The Doctor looked down at Terra for a moment, and then back up at him. "I'll show you," he whispered, and then he pressed a finger to Darren's temple.

The memories came flooding in.

Terra, sitting alone at her mother's funeral.

Terra, alone in her room in her stepmother's house.

Terra, alone at school.

Terra, alone in the hospital. Terra, alone at her father's funeral. Terra, alone in college, alone at work, alone alone alone –

Darren blinked and stared down at Terra, fighting tears. Fighting the urge to scream and throw the Doctor across the forest floor. Terra always talked about how she'd grown up alone, how she felt isolated, but he had never known to what extent. "Why would you show me that?" he asked.

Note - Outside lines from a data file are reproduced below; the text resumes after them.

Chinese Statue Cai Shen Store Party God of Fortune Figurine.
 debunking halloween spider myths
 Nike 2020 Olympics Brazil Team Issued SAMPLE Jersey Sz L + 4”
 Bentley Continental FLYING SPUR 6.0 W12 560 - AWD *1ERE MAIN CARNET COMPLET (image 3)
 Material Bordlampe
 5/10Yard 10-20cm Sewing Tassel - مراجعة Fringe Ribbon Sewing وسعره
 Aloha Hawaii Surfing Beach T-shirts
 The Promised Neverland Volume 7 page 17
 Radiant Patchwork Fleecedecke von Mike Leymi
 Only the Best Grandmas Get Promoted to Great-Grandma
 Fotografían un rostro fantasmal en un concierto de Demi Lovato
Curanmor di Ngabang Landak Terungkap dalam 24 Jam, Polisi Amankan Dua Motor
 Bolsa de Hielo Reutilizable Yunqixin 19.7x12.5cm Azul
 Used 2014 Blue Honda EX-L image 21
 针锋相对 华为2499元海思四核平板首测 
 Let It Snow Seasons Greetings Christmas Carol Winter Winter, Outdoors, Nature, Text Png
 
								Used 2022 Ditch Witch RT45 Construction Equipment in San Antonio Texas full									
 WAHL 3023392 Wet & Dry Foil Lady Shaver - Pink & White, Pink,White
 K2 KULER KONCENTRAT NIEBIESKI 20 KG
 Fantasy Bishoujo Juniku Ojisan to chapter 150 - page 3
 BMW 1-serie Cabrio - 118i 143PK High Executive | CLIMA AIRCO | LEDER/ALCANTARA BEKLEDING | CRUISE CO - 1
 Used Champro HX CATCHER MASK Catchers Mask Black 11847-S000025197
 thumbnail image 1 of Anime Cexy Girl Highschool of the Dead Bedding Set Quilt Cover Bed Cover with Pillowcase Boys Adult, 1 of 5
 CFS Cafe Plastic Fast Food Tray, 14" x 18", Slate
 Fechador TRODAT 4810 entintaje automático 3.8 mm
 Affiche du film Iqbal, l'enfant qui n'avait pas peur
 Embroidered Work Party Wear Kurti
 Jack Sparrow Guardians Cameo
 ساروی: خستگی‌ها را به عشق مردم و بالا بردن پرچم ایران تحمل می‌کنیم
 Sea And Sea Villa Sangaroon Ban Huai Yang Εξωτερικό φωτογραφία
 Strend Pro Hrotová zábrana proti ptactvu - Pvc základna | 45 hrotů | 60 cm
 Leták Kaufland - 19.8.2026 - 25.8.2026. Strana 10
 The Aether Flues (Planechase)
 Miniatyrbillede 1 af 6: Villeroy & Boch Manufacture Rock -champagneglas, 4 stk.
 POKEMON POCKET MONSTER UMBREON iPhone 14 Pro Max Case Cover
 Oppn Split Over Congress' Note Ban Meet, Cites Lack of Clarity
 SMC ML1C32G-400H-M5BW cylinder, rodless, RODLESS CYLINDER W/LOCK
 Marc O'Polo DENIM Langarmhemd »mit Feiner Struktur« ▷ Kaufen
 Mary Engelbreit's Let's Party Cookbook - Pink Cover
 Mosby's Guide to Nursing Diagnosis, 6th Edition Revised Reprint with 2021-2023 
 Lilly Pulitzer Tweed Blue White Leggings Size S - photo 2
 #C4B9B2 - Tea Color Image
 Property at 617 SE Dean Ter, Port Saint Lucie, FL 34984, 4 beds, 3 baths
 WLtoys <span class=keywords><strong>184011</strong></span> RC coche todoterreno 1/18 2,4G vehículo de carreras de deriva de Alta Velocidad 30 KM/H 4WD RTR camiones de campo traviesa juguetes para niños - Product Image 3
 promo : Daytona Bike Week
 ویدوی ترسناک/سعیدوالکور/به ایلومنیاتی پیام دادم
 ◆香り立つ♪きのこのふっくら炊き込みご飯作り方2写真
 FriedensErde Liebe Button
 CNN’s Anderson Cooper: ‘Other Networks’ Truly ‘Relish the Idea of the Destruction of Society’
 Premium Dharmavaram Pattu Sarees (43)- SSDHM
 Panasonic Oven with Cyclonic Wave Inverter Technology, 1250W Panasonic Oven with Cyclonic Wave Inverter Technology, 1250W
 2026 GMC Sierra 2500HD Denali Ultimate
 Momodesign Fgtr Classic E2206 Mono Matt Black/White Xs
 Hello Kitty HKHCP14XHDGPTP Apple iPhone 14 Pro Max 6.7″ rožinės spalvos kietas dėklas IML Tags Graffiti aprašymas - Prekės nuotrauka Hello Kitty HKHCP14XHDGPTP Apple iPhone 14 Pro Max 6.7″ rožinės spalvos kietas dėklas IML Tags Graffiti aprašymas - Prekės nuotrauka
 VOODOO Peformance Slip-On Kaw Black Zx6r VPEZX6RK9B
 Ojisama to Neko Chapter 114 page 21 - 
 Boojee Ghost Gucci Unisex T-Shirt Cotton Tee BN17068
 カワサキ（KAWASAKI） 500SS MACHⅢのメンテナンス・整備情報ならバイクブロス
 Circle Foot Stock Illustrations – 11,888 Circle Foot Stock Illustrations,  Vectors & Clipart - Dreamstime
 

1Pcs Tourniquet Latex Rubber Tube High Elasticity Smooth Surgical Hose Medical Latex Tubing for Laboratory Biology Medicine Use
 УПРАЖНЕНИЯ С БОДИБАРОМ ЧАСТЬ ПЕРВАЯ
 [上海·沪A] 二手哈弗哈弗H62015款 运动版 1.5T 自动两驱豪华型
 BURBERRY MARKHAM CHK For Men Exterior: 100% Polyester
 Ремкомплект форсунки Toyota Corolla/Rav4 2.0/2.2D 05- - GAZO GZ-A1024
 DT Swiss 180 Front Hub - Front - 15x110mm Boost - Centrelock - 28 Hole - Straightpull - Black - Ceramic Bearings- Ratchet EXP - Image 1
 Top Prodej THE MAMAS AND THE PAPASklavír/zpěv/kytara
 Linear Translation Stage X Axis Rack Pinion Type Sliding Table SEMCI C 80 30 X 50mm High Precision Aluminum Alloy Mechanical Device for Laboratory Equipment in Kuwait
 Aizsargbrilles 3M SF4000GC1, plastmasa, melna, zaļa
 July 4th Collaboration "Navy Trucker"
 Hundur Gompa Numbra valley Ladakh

The Doctor smiled sadly, his eyes heavy with age. "So I could show you this."

Terra, running with the Doctor. Terra, laughing as she stepped into the TARDIS. Terra, hugging the Doctor like she would never let go.

 Terra, meeting Darren. Terra, right after their first date, closing the door and smiling. Terra, saying I love you for the first time. Terra, calling Darren when she felt alone.

The Doctor pulled away, grabbing hold of Terra's hand again, tightly. "She needed you as much as she needed me."

Darren moved Terra's hair behind her ears so that he could see her, really see her. He needed her just as much as she needed him, and now she was gone.

"You're not alone, either, Darren."

"You sure about that?" He looked up at the Doctor, who was now standing. He held out a hand to Darren, which Darren took, balancing on his shaking legs.

The Doctor snapped his fingers. Behind him, the doors to the police box opened, revealing a world of light and whirring sound. "Do you want to come with me?" he asked. "I could show you what Terra would have wanted you to see."

Darren lifted Terra up, cradling her body tightly to his. "Take me everywhere you took her," he said. "I want to see everything she saw."

As Darren followed the Doctor through the doors of the TARDIS, Darren leaned his forehead close to Terra's. "You're okay," he lied, to himself. "You're going on an adventure."